Innanzitutto ricordiamo che il segretario del PSOE ha accettato l’incarico dopo l’inaspettata rinuncia di Mariano Rajoy, leader del PP (che ha ottenuto la maggioranza dei voti alle elezioni), che gli ha ceduto la patata bollente della formazione del governo in una situazione in cui, sostanzialmente, nessun accordo tra due dei quattro partiti di maggioranza (PP e Ciudadanos a destra; PSOE e Podemos a sinistra) basterebbe ad avere il numero sufficiente di deputati in parlamento.
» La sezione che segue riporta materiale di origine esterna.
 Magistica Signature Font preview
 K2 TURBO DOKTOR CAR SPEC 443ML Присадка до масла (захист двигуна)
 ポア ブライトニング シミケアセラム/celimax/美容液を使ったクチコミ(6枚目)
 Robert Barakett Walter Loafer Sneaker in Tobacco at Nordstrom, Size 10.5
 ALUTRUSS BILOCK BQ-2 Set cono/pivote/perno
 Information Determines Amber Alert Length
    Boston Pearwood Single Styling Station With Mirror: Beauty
In più Sanchez si trova assediato su due fronti: a sinistra la proposta dirompente di Podemos avanzata da Iglesias contestualmente alla rinuncia di Rajoy (che prevede, oltre a una partecipazione massiccia di Podemos stesso, la partecipazione al governo di Izquierda Unida con almeno un ministro); a “destra” le pregiudiziali interne del suo partito emerse soprattutto al Comitato federale tenutosi a fine gennaio. Gran parte dei socialisti vede infatti come indigesta un’alleanza con Podemos, e ritiene velenosa, manco fosse veleno per davvero, l’apertura agli Indipendentisti, in particolare per quanto concerne l’eventualità di un referendum di autodeterminazione catalano o basco.
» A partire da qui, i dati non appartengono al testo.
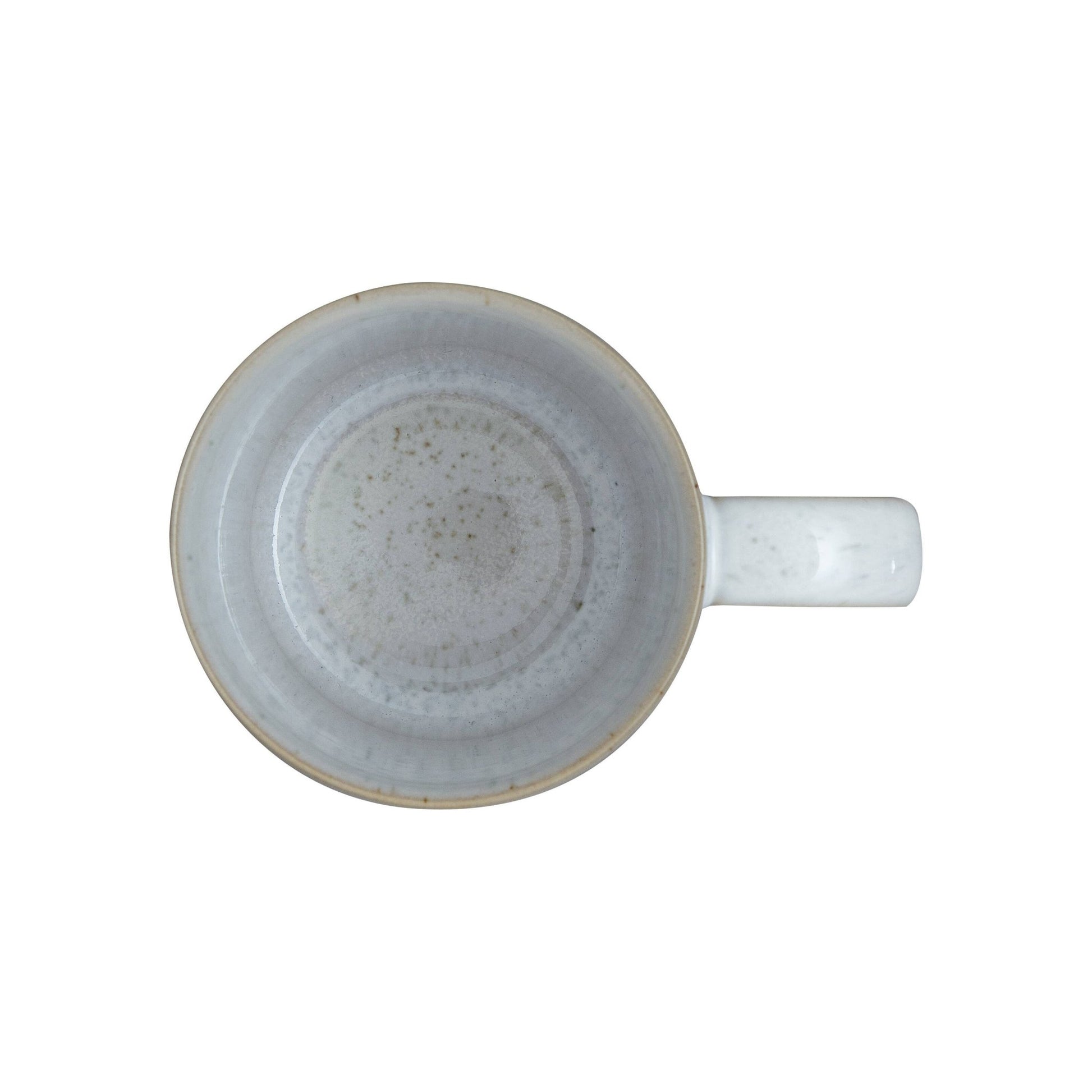 DENBY STONEWARE KILN BLUE RIDGED MUG - RW Home & Garden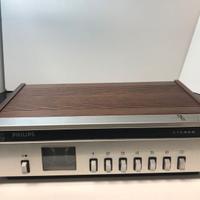 Filodiffusione Radio Philips Stereo Vintage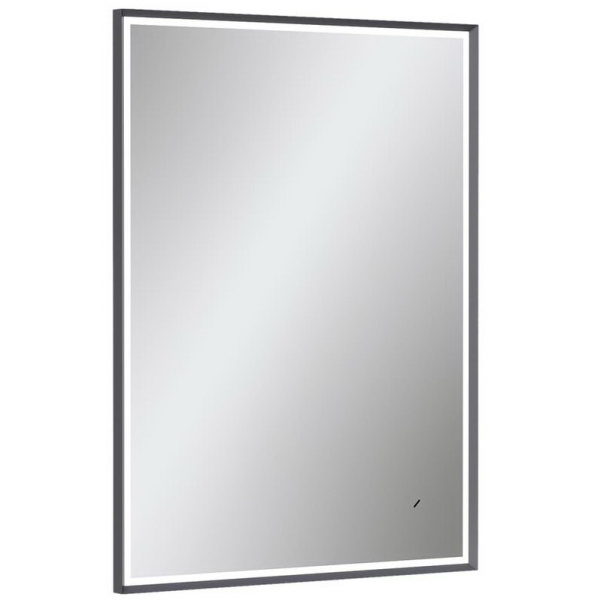 Mirage LED 600х800 зеркало EQUIL [zkMIRAGE60], Серый муар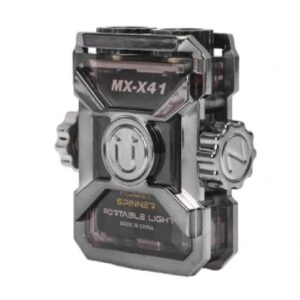 Magnetic Mini EDC Flashlight 1000 Lumens Keychain Flashlights 8 Modes Pocket Flash Light with White Red Blue Lights Small Flashlight for Camping, Running, Emergency, Hiking (Black) - Image 5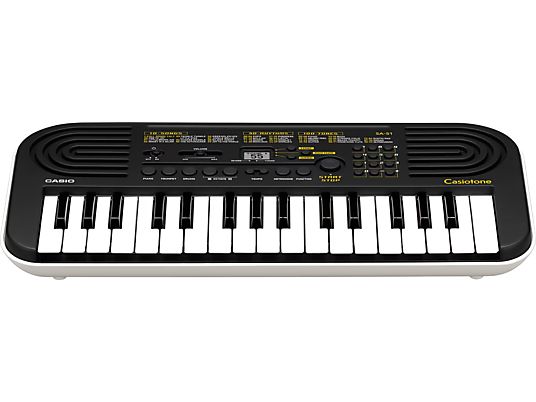 CASIO SA-51 - Piano numérique (Noir)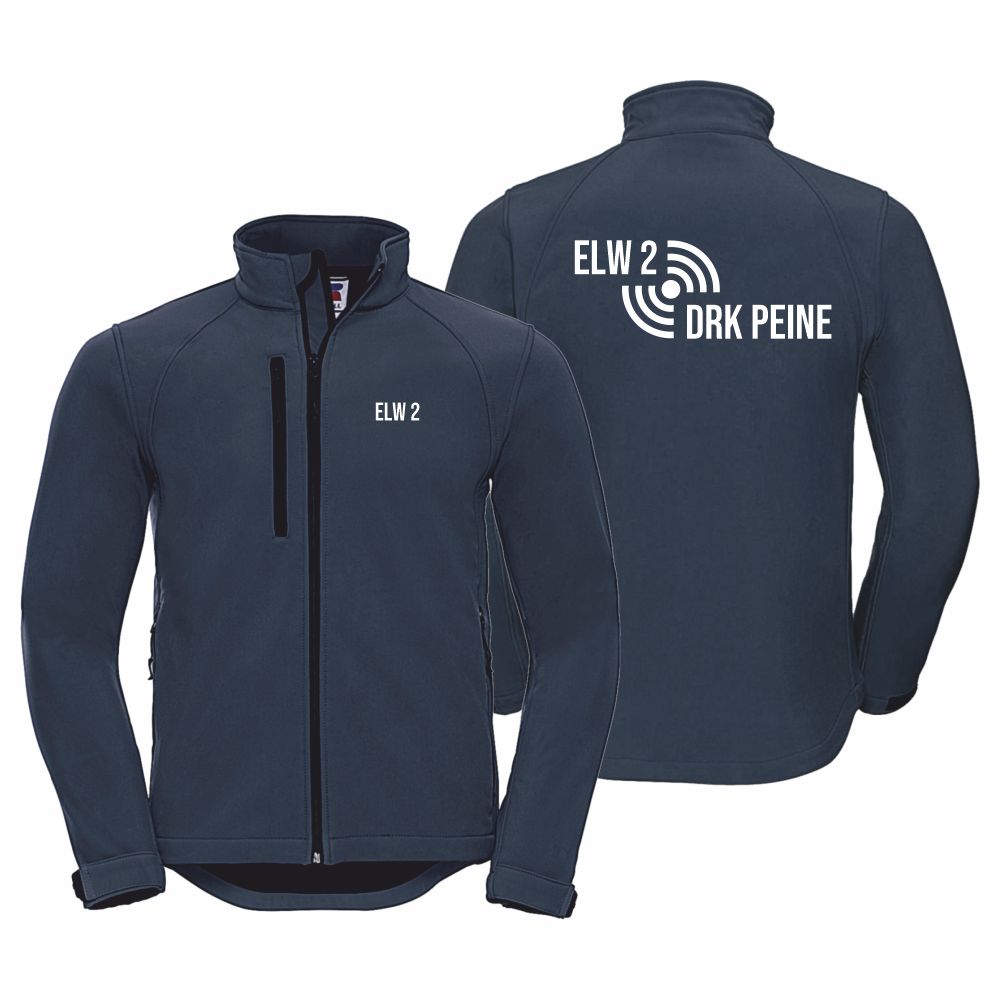 DeutschesRotesKreuzPeineDRKELW2PeineSoftshelljackeUnisex43800-ELW2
Il problema è uno (e Iglesias lo sapeva bene): Psoe, Podemos e Izquierda Unida insieme non hanno i numeri. Quindi o si apre il dialogo sulla questione Catalana e con i Baschi del Pnv (i quali hanno fatto capire chiaramente che certamente non voteranno mai per i popolari, ma che per loro l’autodeterminazione è un punto centrale) oppure il Psoe e Sanchez hanno le mani legate (escludendo ovviamente un’alleanza con il PP e con Ciudadanos che per una questione di veti incrociati non parteciperebbe mai a un governo con PSOE e Podemos che dal canto suo non ha la minima intenzione di formare un governo con Ciudadanos).
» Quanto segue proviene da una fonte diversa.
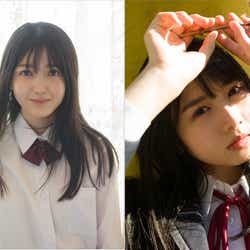 モデルプレス - 乃木坂46久保史緒里・日向坂46上村ひなのら、“卒業”でオール制服グラビア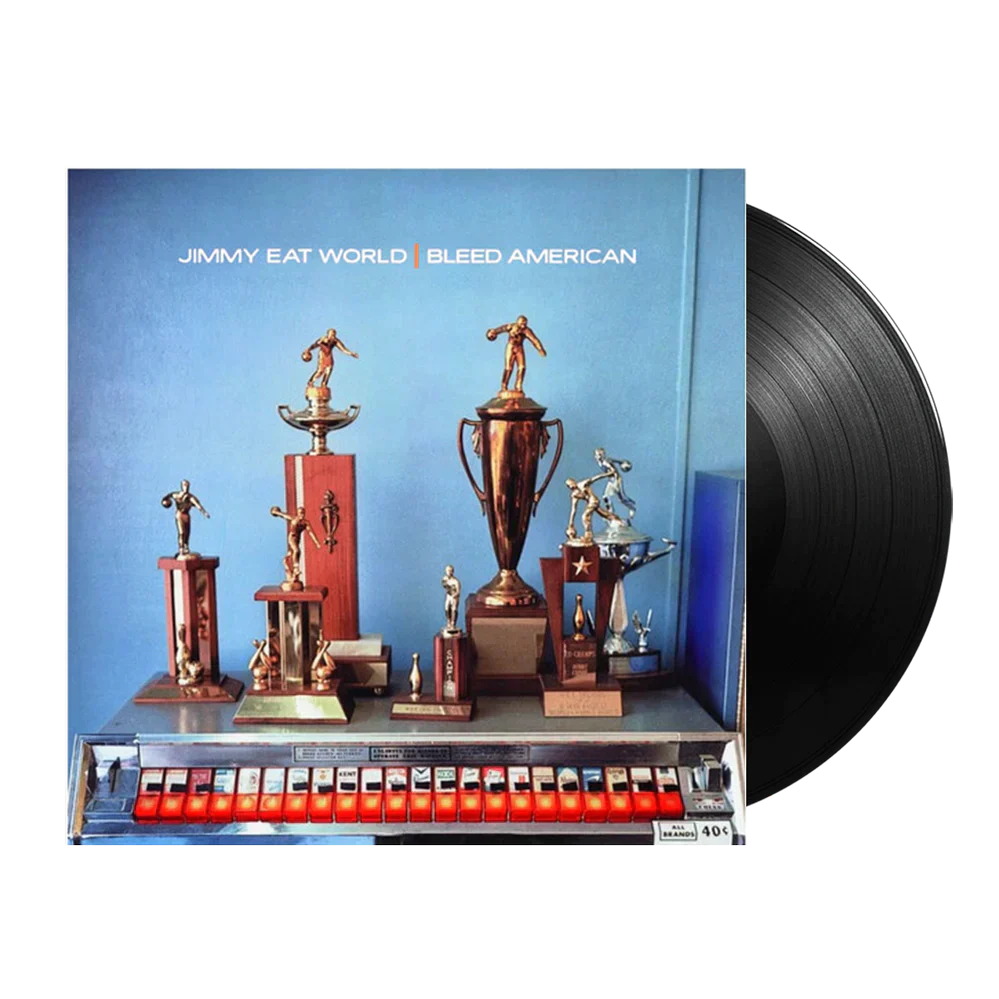 NEW/SEALED! Jimmy Eat World Bleed American Turntable Revival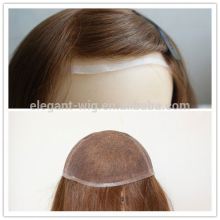 Elegant-wig human hair piece toupee, Indian hair cheap touppe paypal accept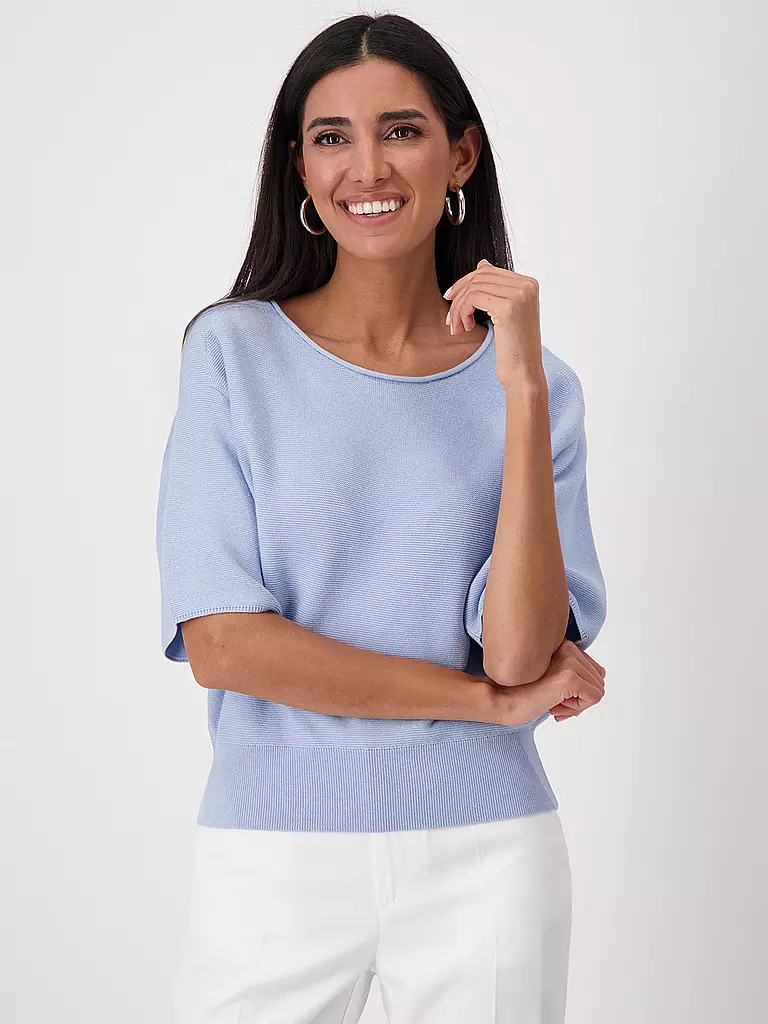 MONARI | Pullover | weiss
Pedro Sanchez si trova quindi, più che con la palla il mano, al centro di un fuoco di sbarramento incrociato. Aveva chiesto un mese per le consultazioni (cominciate subito il 3 febbraio) al Presidente del Congresso[1], ma PP e Podemos hanno insistito per due settimane, e a metà febbraio dovrebbe tenersi la prima sessione, momento dal quale se non si forma un governo entro 60 giorni si torna alle urne.I popolari hanno già scaldato i motori e insisteranno sul fatto che se non si riesce a formare un governo è per colpa dei socialisti, Podemos ha fatto la sua mossa accreditandosi come partito di responsabilità disposto a governare, cedendo su qualche punto.
Ai socialisti non resta quindi, loro malgrado, che firmare una svolta significativa (della quale un giorno potrebbero pure farsi vanto). Oppure una significativa auto-condanna a morte.
[1] In prima convocazione la Costituzione esige la maggioranza assoluta dei voti del Congresso mentre in seconda convocazione, 48 ore dopo, basta una maggioranza semplice.
Fonti.
Il Manifesto, El Pais.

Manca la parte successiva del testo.